**ACTION ITEM:** Dropping every picture, set down exactly the lines in the entries below, starting with the line with "上海疫情计算器查询:上海疫情情况统计 上海疫情计算器查询:上海疫情情况统计" and going on through the line with "Various - Oi!".

╭─ SOURCE MATERIAL

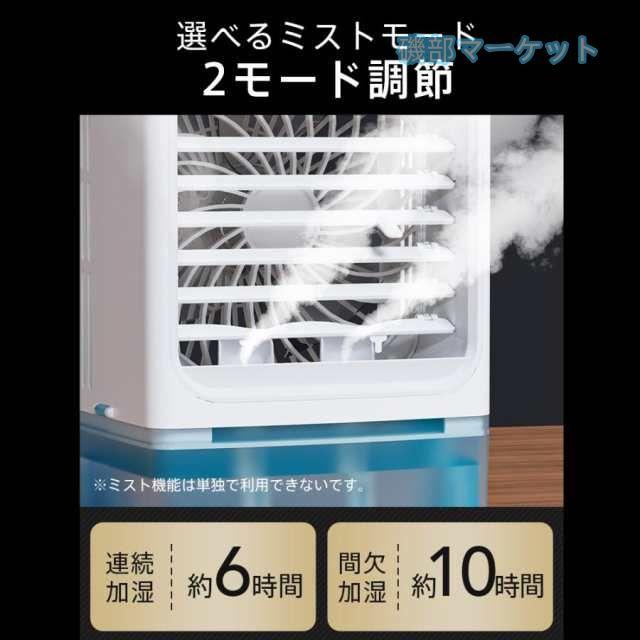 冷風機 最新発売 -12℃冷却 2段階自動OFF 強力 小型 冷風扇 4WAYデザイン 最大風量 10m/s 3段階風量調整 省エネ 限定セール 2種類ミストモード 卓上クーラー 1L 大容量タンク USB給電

╰─
╭─ SOURCE MATERIAL

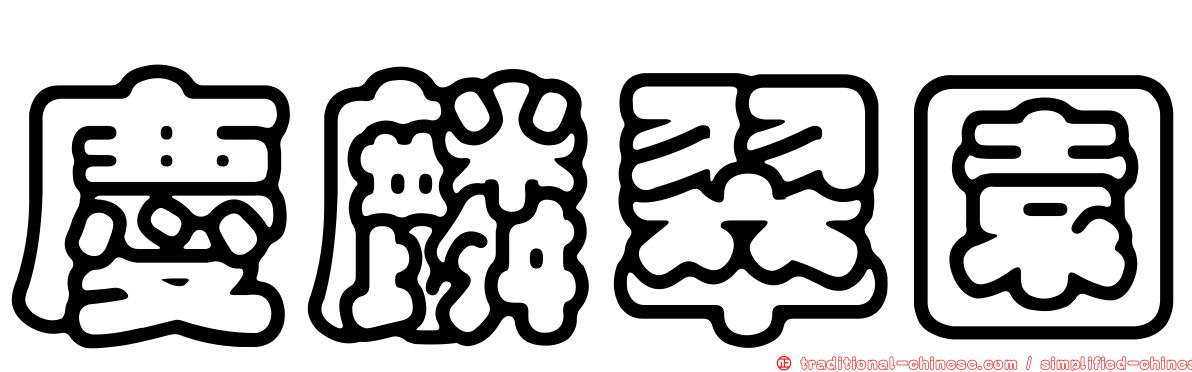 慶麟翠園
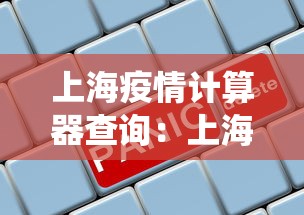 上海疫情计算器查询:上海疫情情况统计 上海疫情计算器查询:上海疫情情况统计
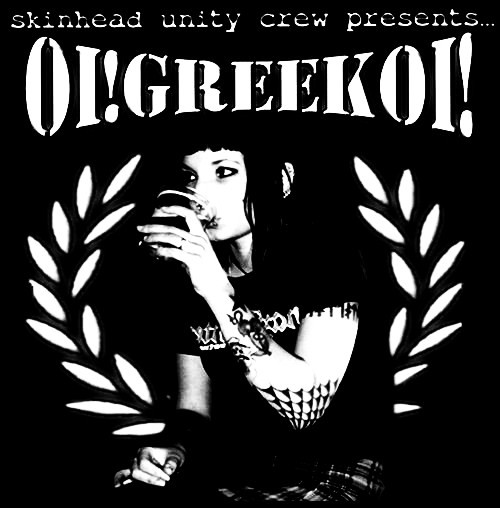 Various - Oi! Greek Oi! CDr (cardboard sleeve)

╰─

**TASK ANSWER:**
 上海疫情计算器查询:上海疫情情况统计 上海疫情计算器查询:上海疫情情况统计
 Various - Oi! Greek Oi! CDr (cardboard sleeve)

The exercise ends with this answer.